Midway into the 1954-55 campaign, the Canadiens summoned him to join their ranks. The problem the winger faced, however, was that the Habs were already thoroughly stocked with offensively skilled forwards. As such, Marshall's new role would be defensive in nature, an assignment he disliked although he never complained openly.
Instead, he toiled quietly, polishing his defensive tactics to the extent that he became one of the league's premier penalty killers. As payment for his adaptation, he enjoyed a record five-straight Stanley Cup victories between 1956 and 1960.
By 1963, however, the Canadiens had lost their championship touch.
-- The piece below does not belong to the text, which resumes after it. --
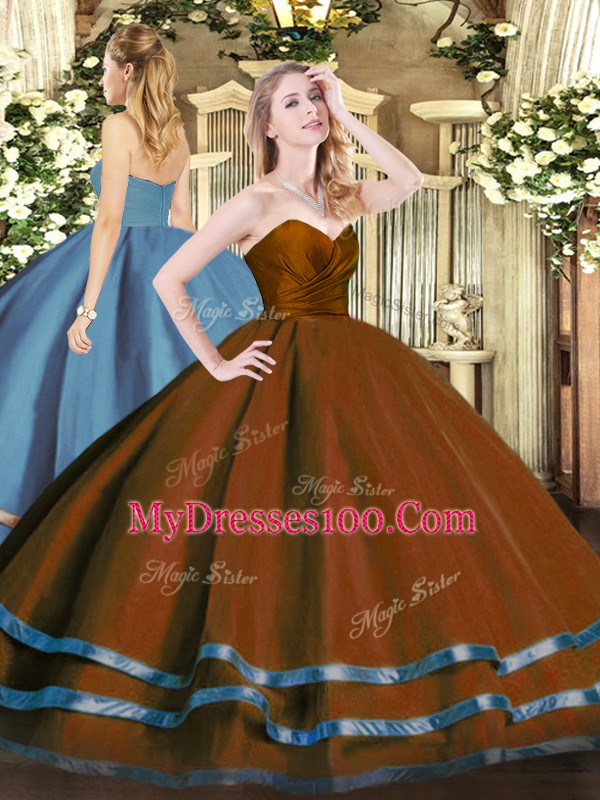 Brown Ball Gowns Tulle Sweetheart Sleeveless Ruffled Layers Floor Length Zipper Sweet 16 Quinceanera Dress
In an effort to shake things up, they packaged Marshall with Jacques Plante and Phil Goyette to acquire Gump Worsley among others from the New York Rangers.
In the Big Apple, Marshall initially felt out of place but quickly began to appreciate his new opportunity to assume a more offensive role with the club. In the process, it was evident that, thanks to the strong defensive skills he had developed in Montreal, he was an excellent two-way player.
In all, Marshall put in seven seasons with the Blueshirts and enjoyed his most prolific offensive phase. In 1965-66, he netted a personal-best 26 goals and 28 assists within the context of some very solid defensive play.
At the start of his third decade in the NHL, Marshall was claimed by the Buffalo Sabres in the Expansion Draft of 1970. His new role with the fledgling club was to provide some veteran leadership for the younger recruits. He did all of that and then some. Although the team struggled defensively, he managed to pot goals as though still in his prime.
In spite of his contribution, the aging winger was left up for grabs in the Intra-League Draft of 1971. The Leafs took advantage by bringing him to the Gardens for one final season. During his last run, he performed as a steady, reliable veteran who had the versatility to plug holes and provide a calming influence on the sometimes rattled atmosphere on Carleton St. At the close of the season, Marshall packed it in for good."